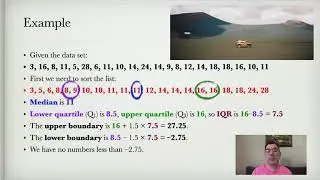 Outliers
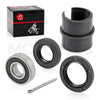 HONDA FourTrax 250 TRX250R 1988-1989 Steering Stem Bearing Seal Kit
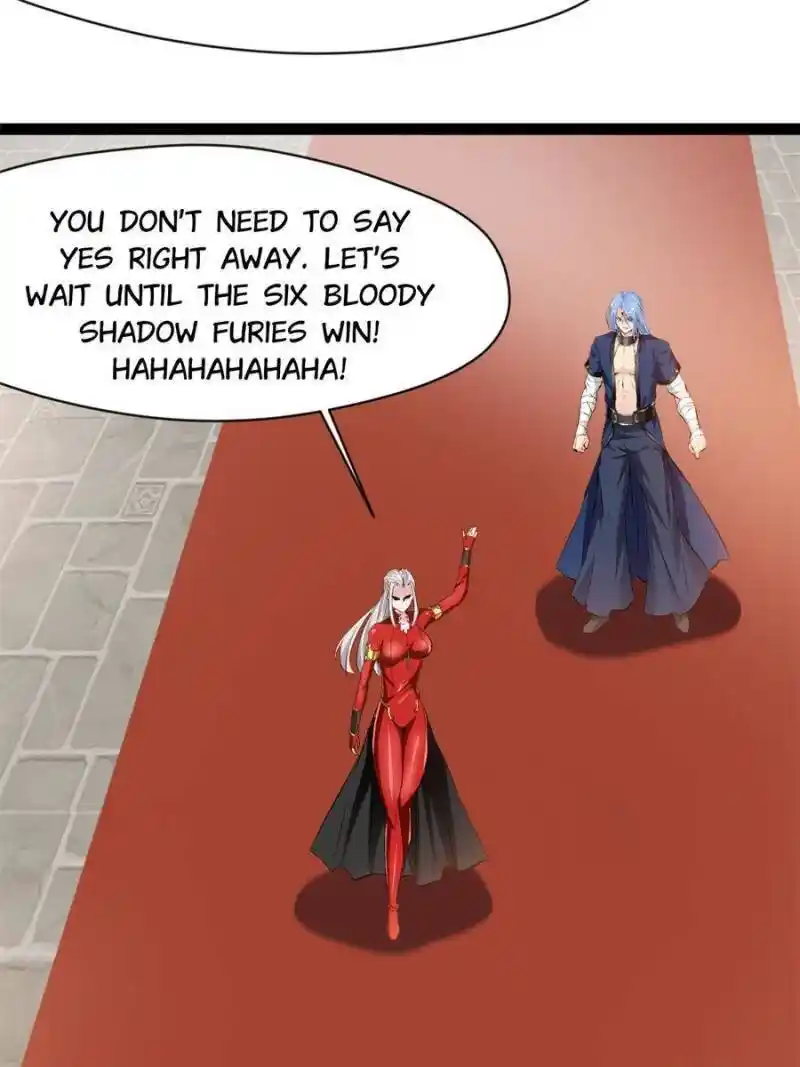 Peerless Ancient Chapter 128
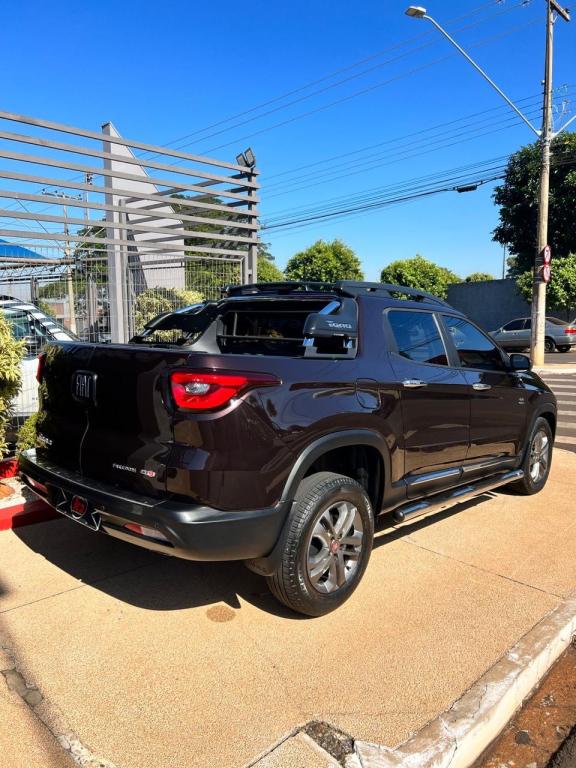 FIAT Toro - Foto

====================

- **Task to complete**
Your copy must repeat the data word for word and show none of its images.

- **Answer space**
 Outliers
 HONDA FourTrax 250 TRX250R 1988-1989 Steering Stem Bearing Seal Kit
 Peerless Ancient Chapter 128
 FIAT Toro - Foto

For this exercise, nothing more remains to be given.